Write out again, word for word, the lines below from the line that holds "The second test" through the line that holds "If you are going", omitting pictures.
══ Material supplied
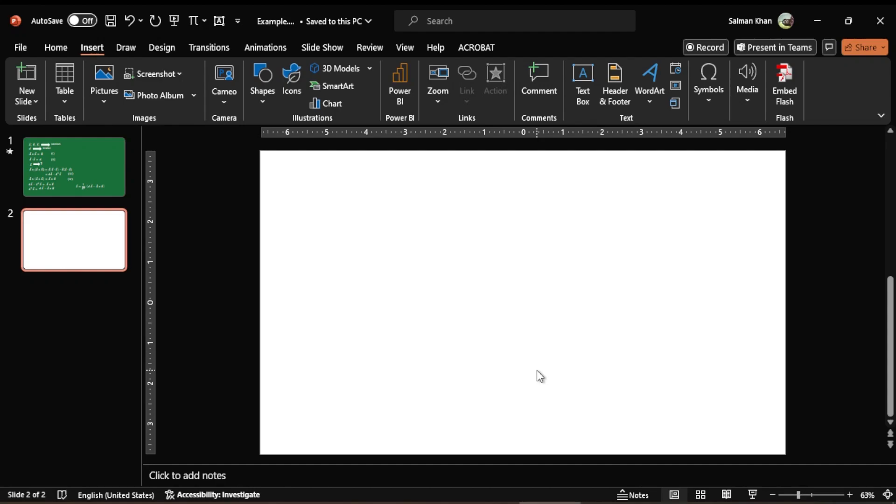Hey guys, welcome to Shafi Mixed. In this video I will let you know how to resolve the problem of screen recording through PowerPoint.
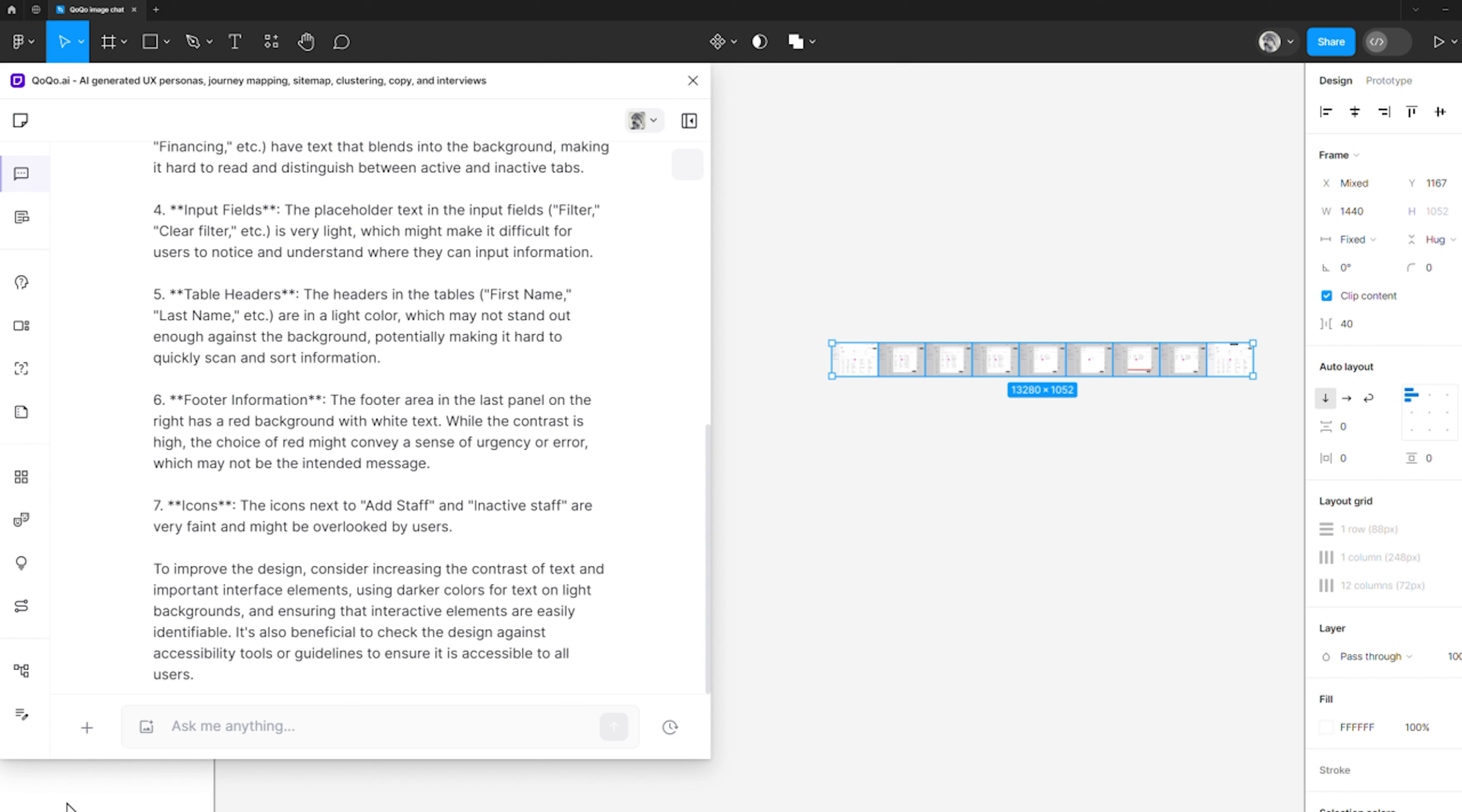you can now effortlessly upload designs, select them directly from your Figma canvas, or paste them from your clipboard, enabling you to immediately start engaging in interactive dialogues with your images. Let's explore some practical applications.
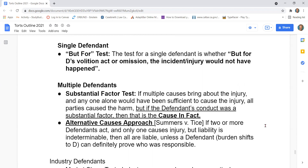The second test for multiple defendants is the alternative causes approach. If two or more defendants act and only one causes injury, but liability is indeterminable, then all are liable unless a defendant can definitively prove who was responsible. The burden shifts to the defendant.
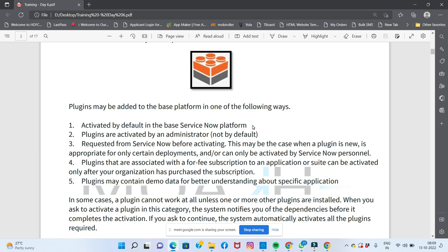Plugins that are associated with a fee-based subscription to an application or suite can be activated only after your organization has purchased the subscription. Depending on the situation, some plugins are free of cost while others require a paid subscription.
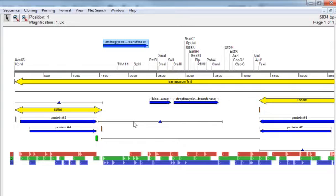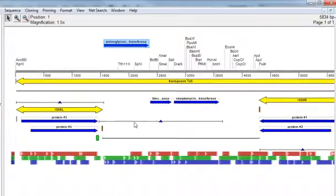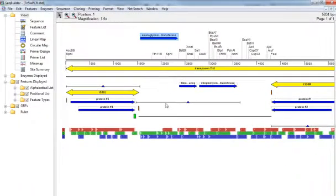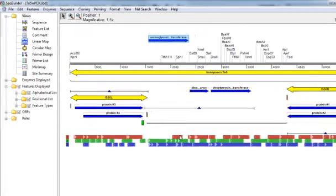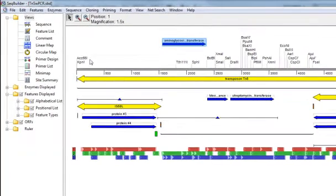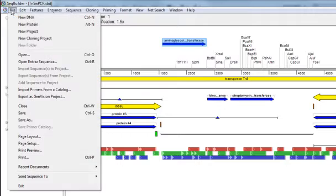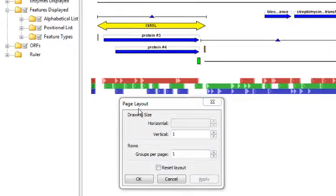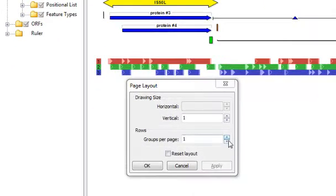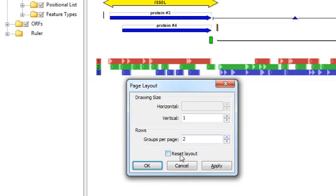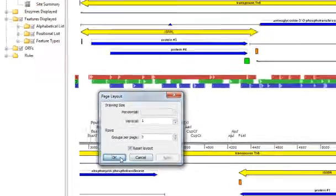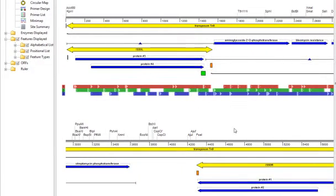If you are going to be printing the linear map, or copying and pasting it into another application, you may also want to change the layout of the map. By default, SeqBuilder tries to fit the map into one standard page without breaking it up. But if you would like to break it into groups, you can just select File, Page Layout, and then increase the number of groups per page. So as you can see now, my linear map is broken up into two separate sections.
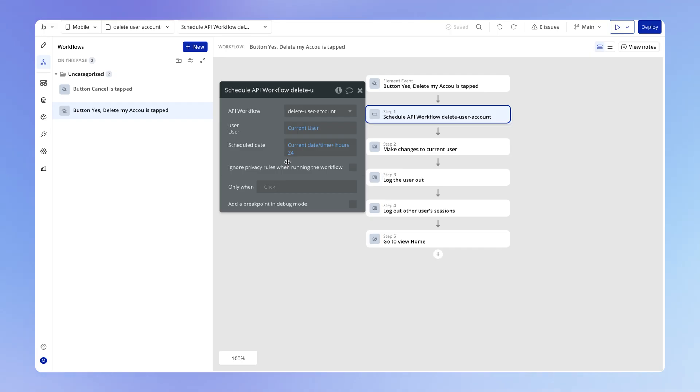So this is how to schedule a workflow over a list of things — a very versatile and powerful feature in Bubble. In the next lesson, we're going to talk about everybody's favorite topic, which is workload, and this is really closely related to the running costs for your application. We'll talk all about that in the next lesson.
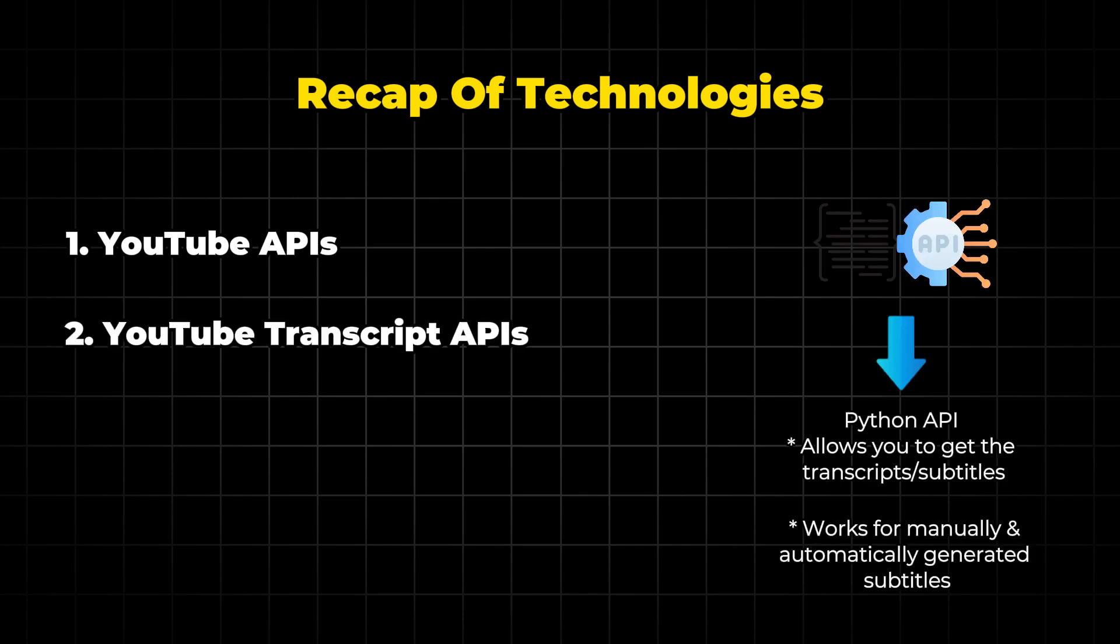YouTube Transcript API is a third-party Python library that fetches transcripts from YouTube videos. It's open-sourced so anyone can use or improve it. We will use this tool to extract the transcript of the video. One thing to note is that it only works for videos that have captions available.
════
**Answer section**
The second test for multiple defendants is the alternative causes approach. If two or more defendants act and only one causes injury, but liability is indeterminable, then all are liable unless a defendant can definitively prove who was responsible. The burden shifts to the defendant.
Plugins that are associated with a fee-based subscription to an application or suite can be activated only after your organization has purchased the subscription. Depending on the situation, some plugins are free of cost while others require a paid subscription.
If you are going to be printing the linear map, or copying and pasting it into another application, you may also want to change the layout of the map. By default, SeqBuilder tries to fit the map into one standard page without breaking it up. But if you would like to break it into groups, you can just select File, Page Layout, and then increase the number of groups per page. So as you can see now, my linear map is broken up into two separate sections.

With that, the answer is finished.